The Internet Was Never the Wall I Thought It Was

I could remember while still in school, there is this final year group that our class rep created then, a WhatsApp group actually, not even an Instagram or Facebook. Then one of us posted a complaint about some issues going on in my department and how some lecturers have been behaving and so on. I am not sure if he was aware that the then HOD of the department was there; what he posted happened over the weekend, but on Monday morning during one of our lectures, the HOD's secretary to fetch for him.
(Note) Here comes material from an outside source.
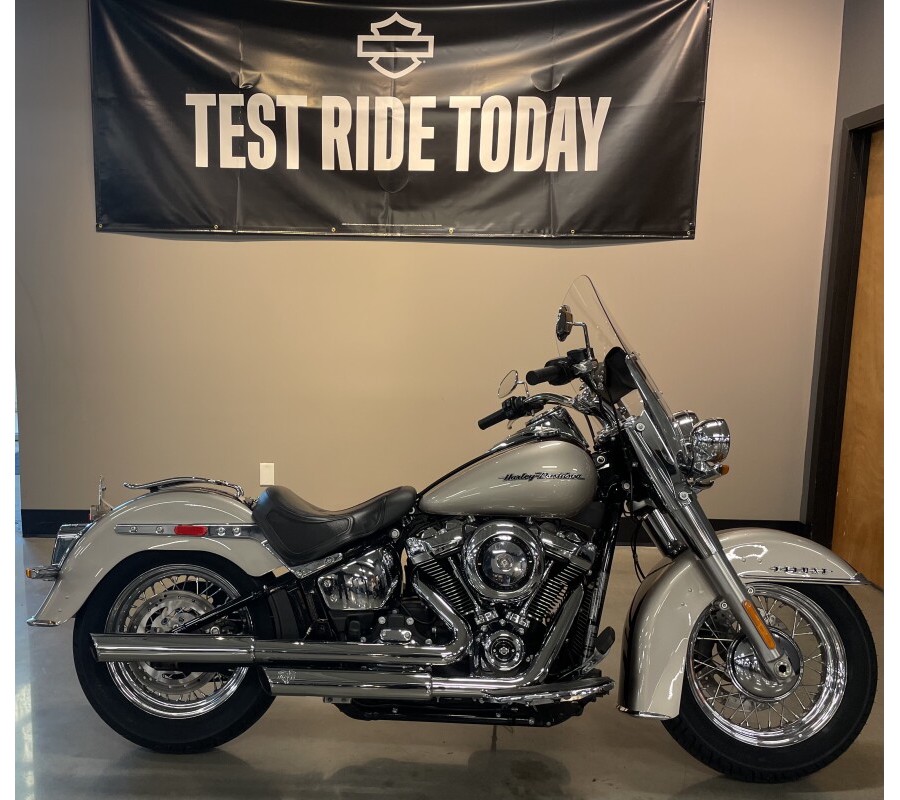 2018 Harley-Davidson® Deluxe Silver Fortune/Sumatra Brown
Some of us followed him, we left the lecture just to see what wanted to happen. Some of the top lecturers and some other staff were already gathered, and some were going through their phones, others checking another person's phone just to read what one of us said about them, I guess some people have screenshotted it and sent the message across to others because I don't think the HOD even had the time to be going through our chats. Anyway, the discussion landed exactly where it could do the most damage.

From the office of the HOD, he asked the boy a simple question, "Is this what you go around telling people about us?" His voice was high, but the guy didn't say any thing and I guess that was better. The case was settled immediately, and we went back to continue the lecture. Until we graduated, he never said anything in that group again just to avoid stories that touches again.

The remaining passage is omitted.